**Work instruction:** Starting at the first line of the entries, extract each line up to and including the one that contains "Hello, in this", but leave out the pictures.
═══ Dataset content
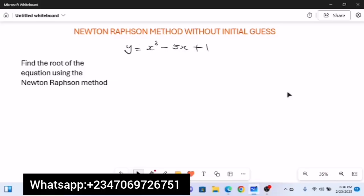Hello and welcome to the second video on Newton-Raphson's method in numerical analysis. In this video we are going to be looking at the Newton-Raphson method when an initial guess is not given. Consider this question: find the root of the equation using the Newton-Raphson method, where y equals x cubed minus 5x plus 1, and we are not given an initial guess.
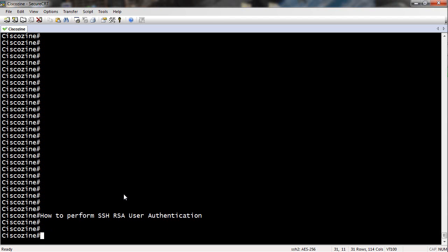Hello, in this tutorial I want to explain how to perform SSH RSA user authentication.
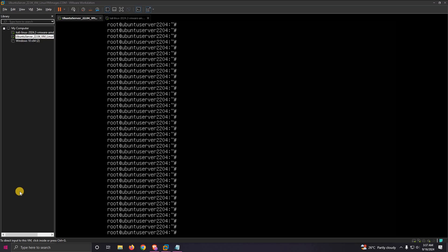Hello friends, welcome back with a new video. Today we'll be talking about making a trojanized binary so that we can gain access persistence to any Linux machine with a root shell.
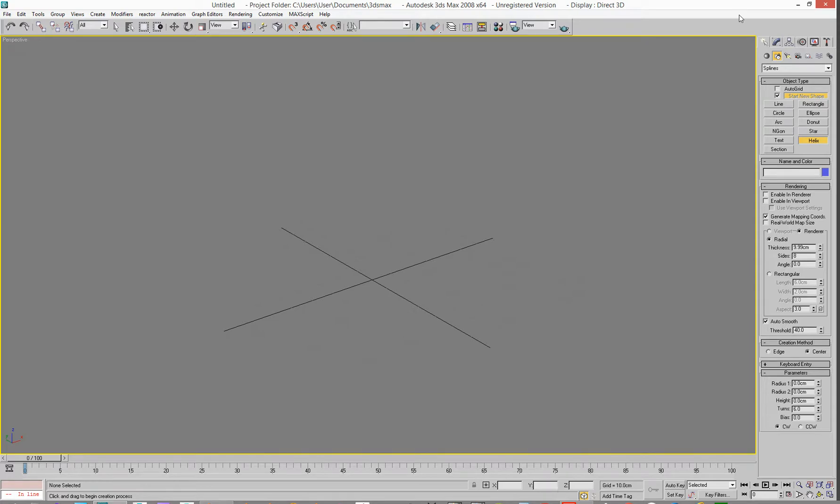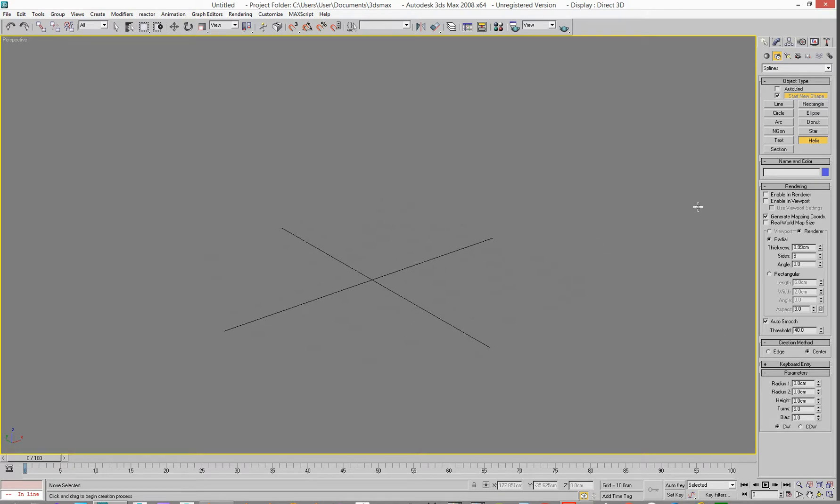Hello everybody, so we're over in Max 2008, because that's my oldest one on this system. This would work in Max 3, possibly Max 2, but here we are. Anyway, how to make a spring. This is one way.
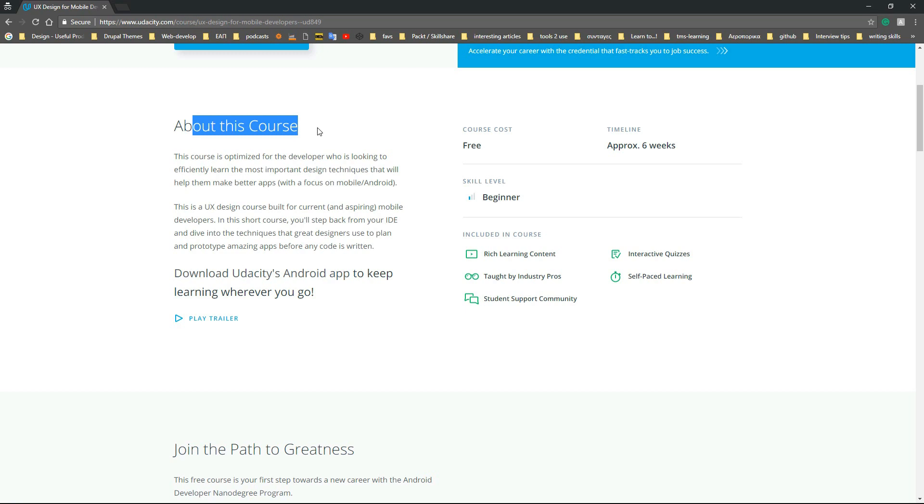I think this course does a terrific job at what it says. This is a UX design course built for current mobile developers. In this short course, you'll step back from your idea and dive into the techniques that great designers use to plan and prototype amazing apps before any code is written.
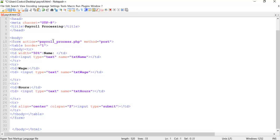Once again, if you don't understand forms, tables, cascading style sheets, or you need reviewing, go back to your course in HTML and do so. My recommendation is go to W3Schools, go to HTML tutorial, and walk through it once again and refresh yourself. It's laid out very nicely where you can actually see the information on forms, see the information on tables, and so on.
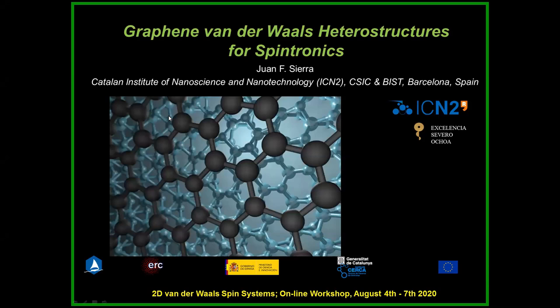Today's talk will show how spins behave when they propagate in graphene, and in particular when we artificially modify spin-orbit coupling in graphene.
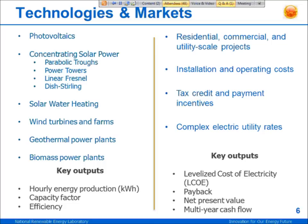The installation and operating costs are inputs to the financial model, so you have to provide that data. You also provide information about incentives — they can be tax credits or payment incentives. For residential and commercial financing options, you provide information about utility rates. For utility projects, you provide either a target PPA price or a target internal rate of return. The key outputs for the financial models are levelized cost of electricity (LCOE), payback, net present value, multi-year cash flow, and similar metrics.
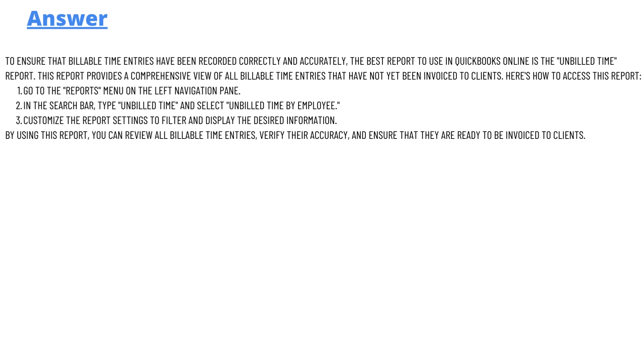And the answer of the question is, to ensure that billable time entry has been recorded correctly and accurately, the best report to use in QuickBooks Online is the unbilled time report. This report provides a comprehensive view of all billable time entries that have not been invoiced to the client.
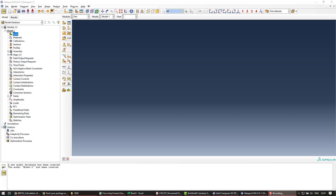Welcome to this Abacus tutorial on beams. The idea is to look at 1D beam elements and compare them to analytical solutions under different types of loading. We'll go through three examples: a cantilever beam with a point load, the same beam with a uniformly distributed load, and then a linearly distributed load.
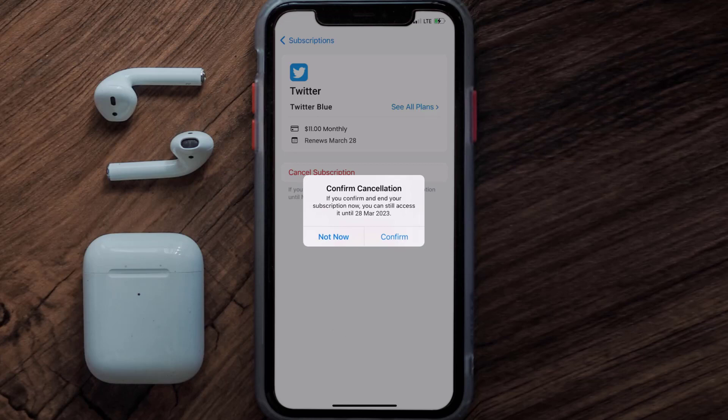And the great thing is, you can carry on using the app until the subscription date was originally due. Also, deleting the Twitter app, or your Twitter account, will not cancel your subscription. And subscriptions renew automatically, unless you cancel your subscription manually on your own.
══════
**Exercise result:**
Hello and welcome to the second video on Newton-Raphson's method in numerical analysis. In this video we are going to be looking at the Newton-Raphson method when an initial guess is not given. Consider this question: find the root of the equation using the Newton-Raphson method, where y equals x cubed minus 5x plus 1, and we are not given an initial guess.
Hello, in this tutorial I want to explain how to perform SSH RSA user authentication.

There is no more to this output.